How Red Hat helped: Increasing differentiation opportunities and staff efficiency while reducing costs
Migrating to Red Hat also means that APG will be able to benefit from JavaTM-based applications for the pension systems. Red Hat actively supports Java and has a pioneering role in the development and support of OpenJDK 6, the open source implementation of Java 6. This is particularly important as Java is preferred by developers, and a large number of applications in the pension system are written in the language. Being able to use these applications gives APG a competitive advantage against other players in the area.

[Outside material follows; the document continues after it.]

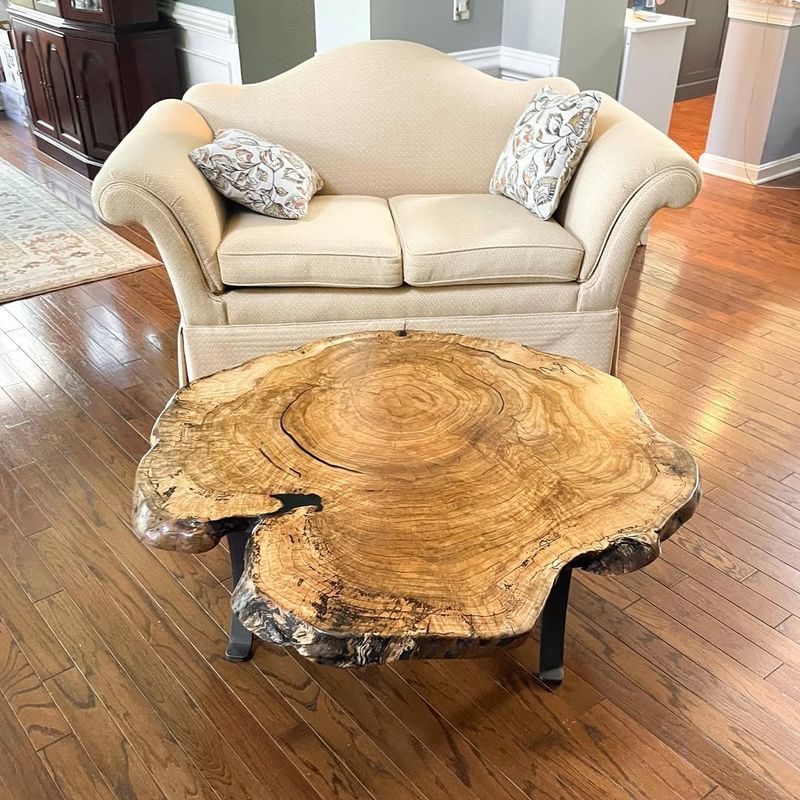 Rustic Coffee Tables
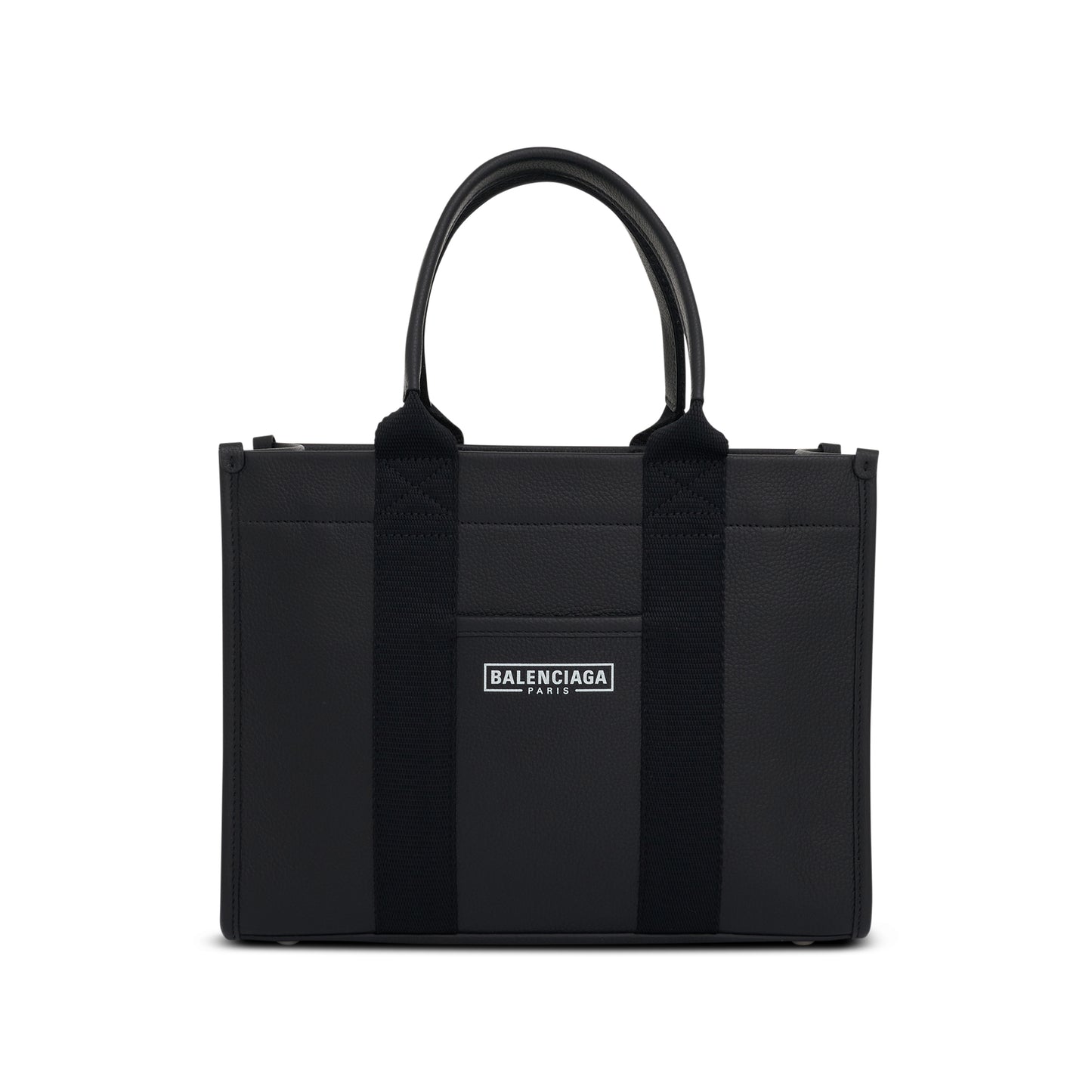 Hardware Tote Bag in Black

According to Pijpers, cost also played a major role in the evaluation process. “In addition to allowing us to cancel costly licences, Red Hat Enterprise Linux also runs on less expensive hardware,” he said. “We calculated that the cost of running AIX is therefore three times higher than that of running Red Hat Enterprise Linux.”
The management possibilities have also improved for APG. “Because Red Hat Enterprise Linux has a very structured design, less time is spent on administration,” said Pijpers.
This trend is expected to continue as additional tools such as Red Hat Satellite, a multi-client systems management solution for managing Red Hat Enterprise Linux servers, and Red Hat Directory Server, an LDAP-compliant server used for user authentication, are deployed to further improve management. By improving efficiency, less time is spent on management, allowing this capacity to be transferred toward the increased internal demand for additions to the pension system.
A future-proof deployment with Red Hat Support and Services
“The level of support provided was a major reason for us to choose Red Hat. Services such as Red Hat Satellite and Red Hat Directory Server made Red Hat the obvious choice,” added Pijpers.
In addition to implementing Red Hat training courses for IT staff, APG had a Red Hat Enterprise Linux Health Check performed to ensure their design and deployment matched Red Hat’s philosophy and methodology. Any questions that arose during the project were also addressed. “Even if we now run into problems, we know we can ask for assistance and will have a solution in no time,” Pijpers said.
“IT developments will continue, but we can rely on an agile infrastructure made possible by Red Hat Enterprise Linux,” Pijpers said.